- **ACTIVITY**
Repeat only the lines below that run from the line with "Matt Atkins smiles" to the line with "Close-up portrait young", ends included; skip every picture.
(DATA begins)
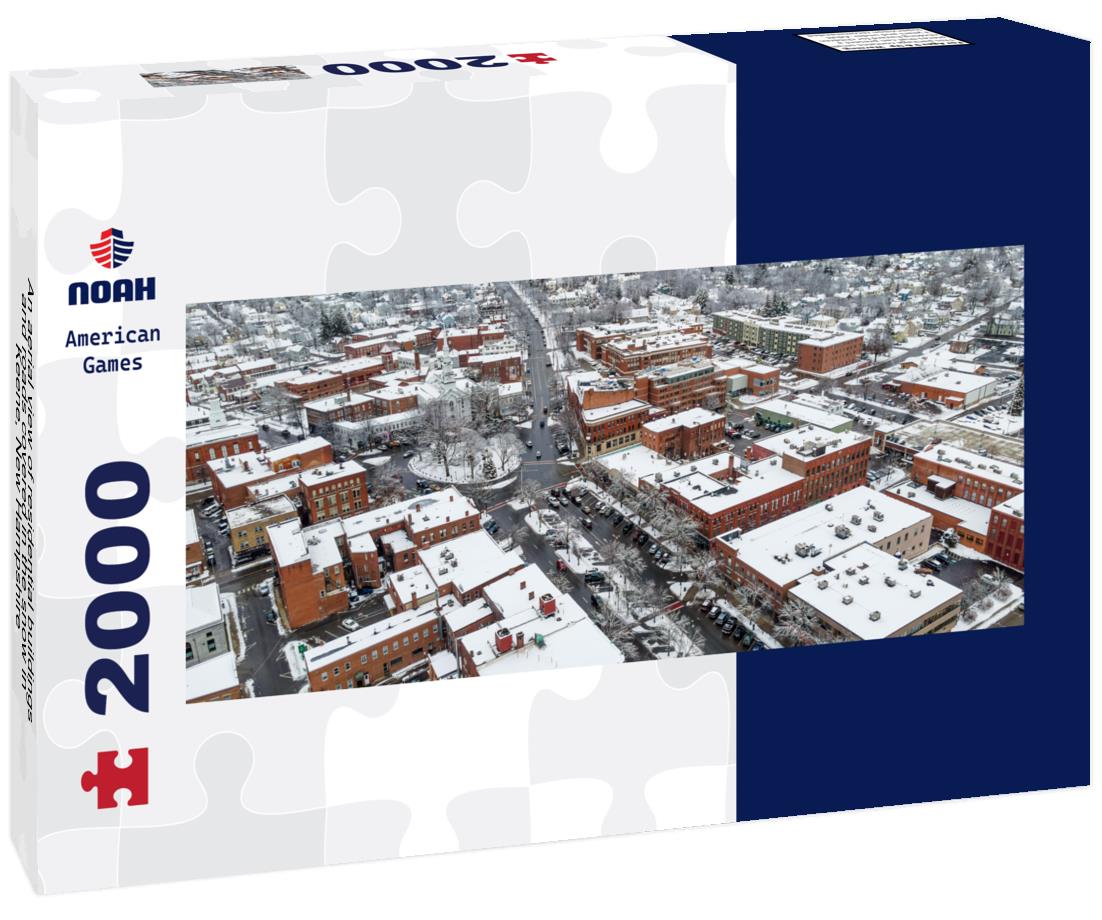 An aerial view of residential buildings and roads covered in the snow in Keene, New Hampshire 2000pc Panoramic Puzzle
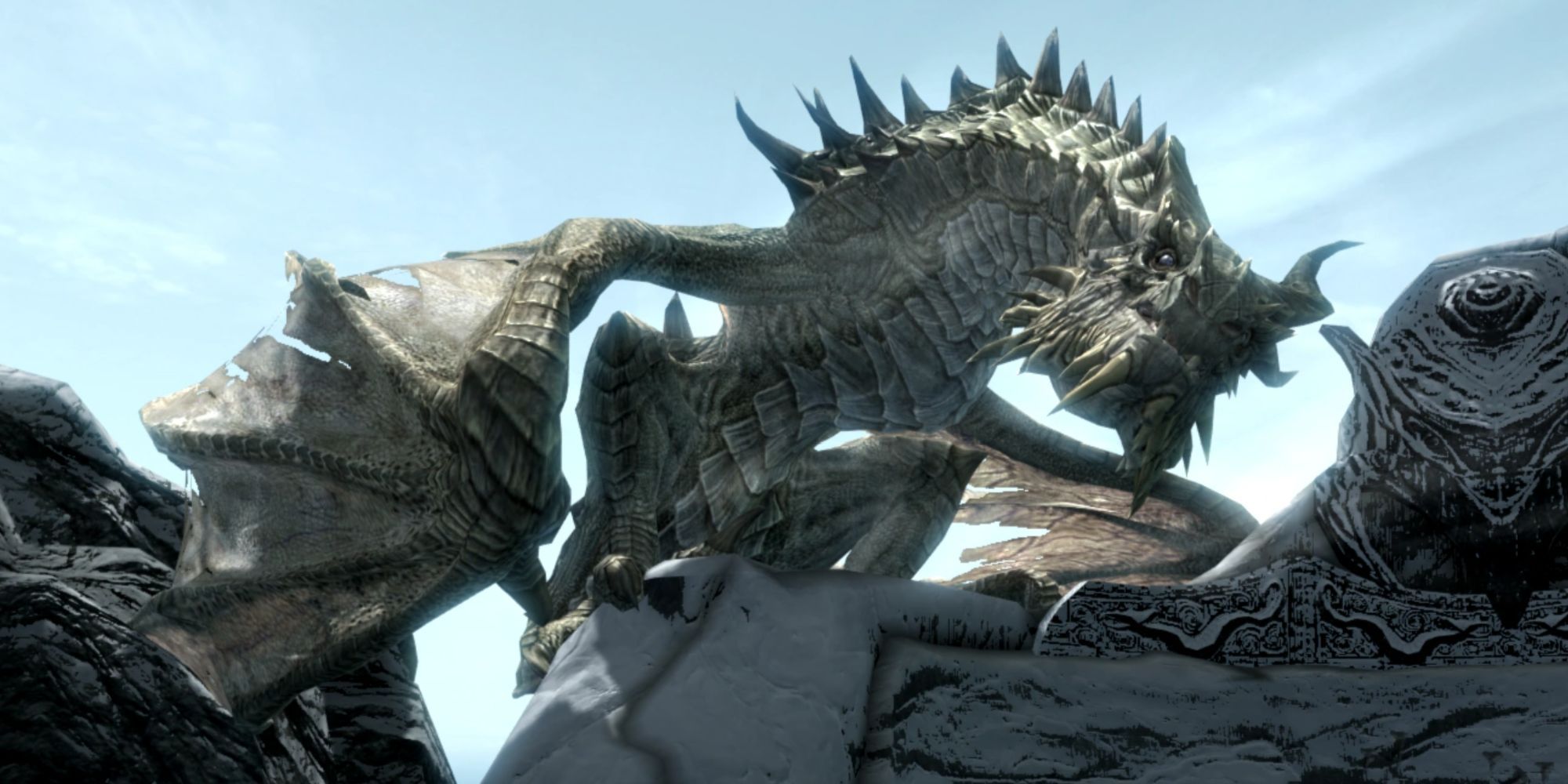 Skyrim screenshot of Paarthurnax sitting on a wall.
(DATA ends)
(DATA begins)
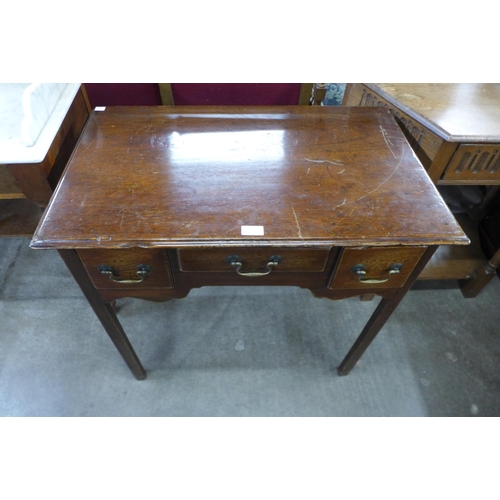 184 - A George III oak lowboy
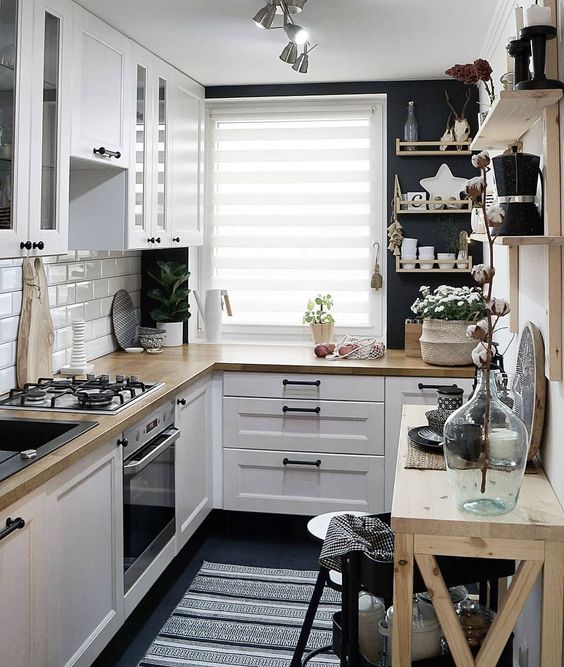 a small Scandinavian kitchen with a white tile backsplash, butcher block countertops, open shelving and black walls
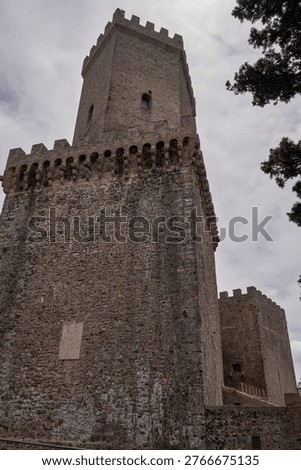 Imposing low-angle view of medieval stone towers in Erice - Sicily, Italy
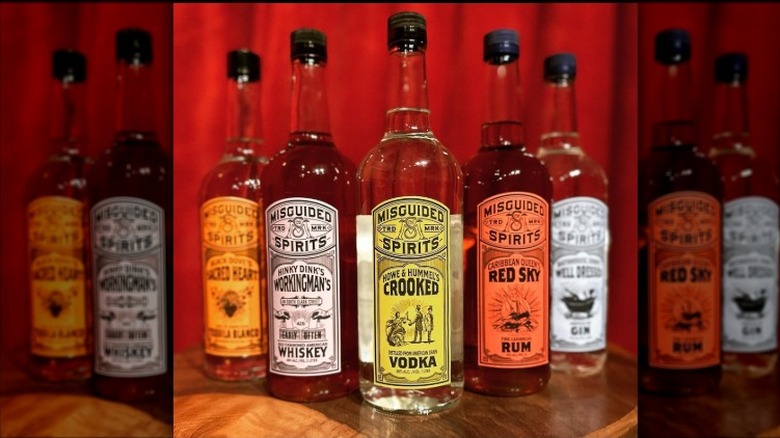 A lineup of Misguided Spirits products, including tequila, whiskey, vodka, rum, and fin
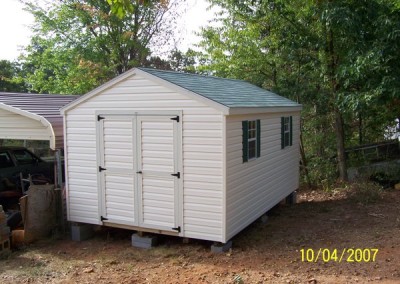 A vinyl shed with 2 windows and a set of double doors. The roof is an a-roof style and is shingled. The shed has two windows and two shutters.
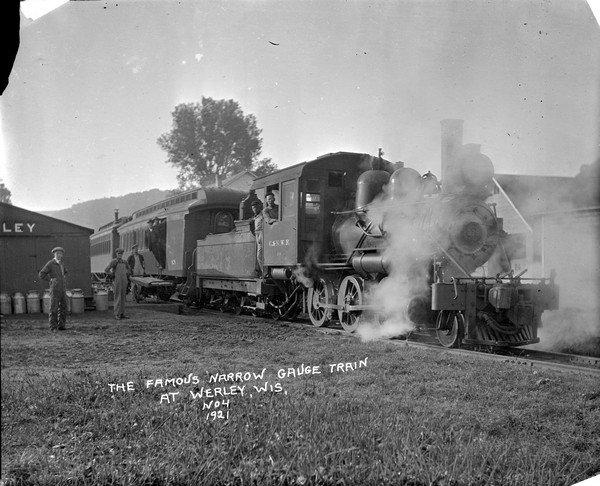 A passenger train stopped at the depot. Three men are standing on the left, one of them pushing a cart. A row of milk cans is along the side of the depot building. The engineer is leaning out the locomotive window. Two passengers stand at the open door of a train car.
(DATA ends)
(DATA begins)
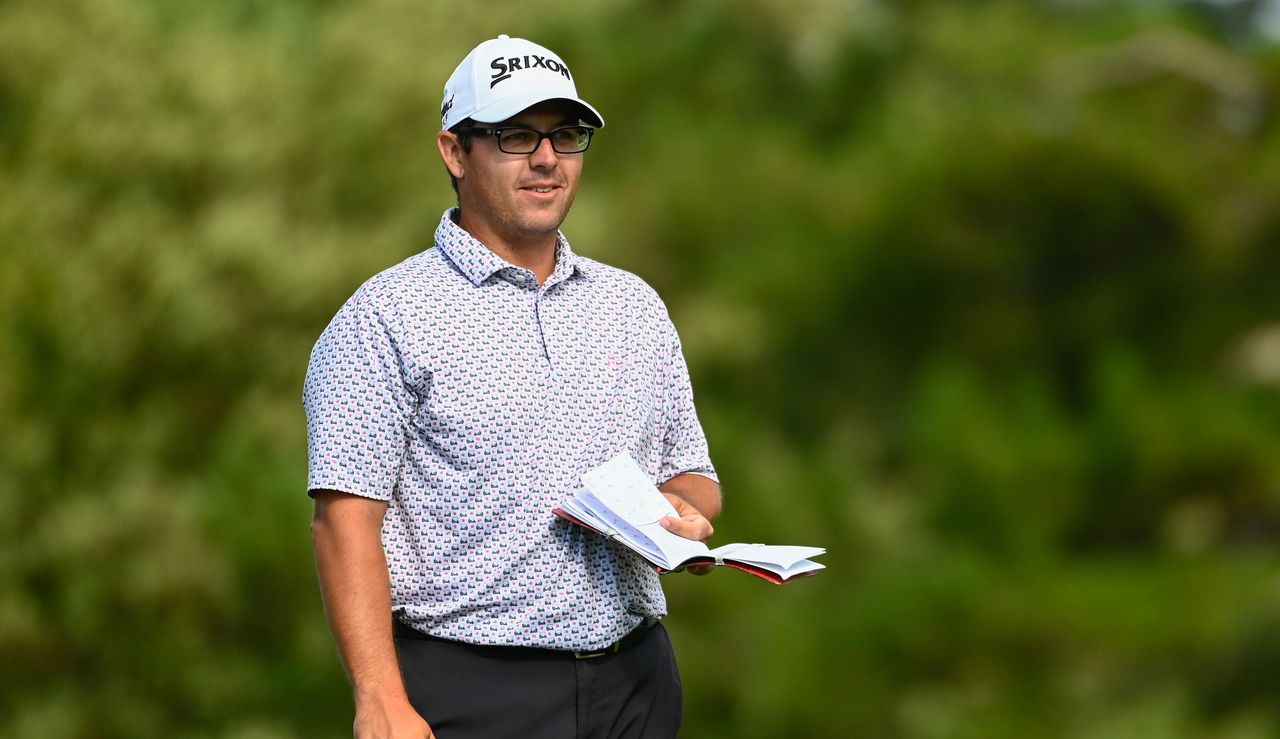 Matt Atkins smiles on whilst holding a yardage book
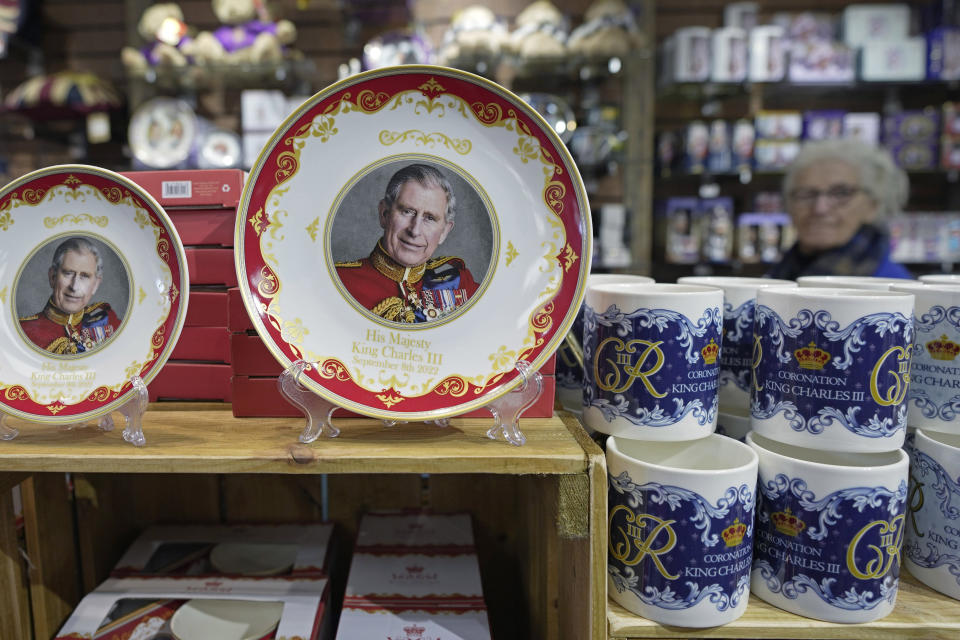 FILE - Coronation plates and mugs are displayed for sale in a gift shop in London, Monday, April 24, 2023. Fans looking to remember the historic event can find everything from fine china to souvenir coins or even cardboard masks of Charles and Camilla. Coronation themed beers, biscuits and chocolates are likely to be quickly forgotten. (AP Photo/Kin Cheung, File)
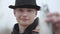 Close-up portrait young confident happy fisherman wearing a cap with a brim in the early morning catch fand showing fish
(DATA ends)
- **EXPECTED ANSWER**
 Matt Atkins smiles on whilst holding a yardage book
 FILE - Coronation plates and mugs are displayed for sale in a gift shop in London, Monday, April 24, 2023. Fans looking to remember the historic event can find everything from fine china to souvenir coins or even cardboard masks of Charles and Camilla. Coronation themed beers, biscuits and chocolates are likely to be quickly forgotten. (AP Photo/Kin Cheung, File)
 Close-up portrait young confident happy fisherman wearing a cap with a brim in the early morning catch fand showing fish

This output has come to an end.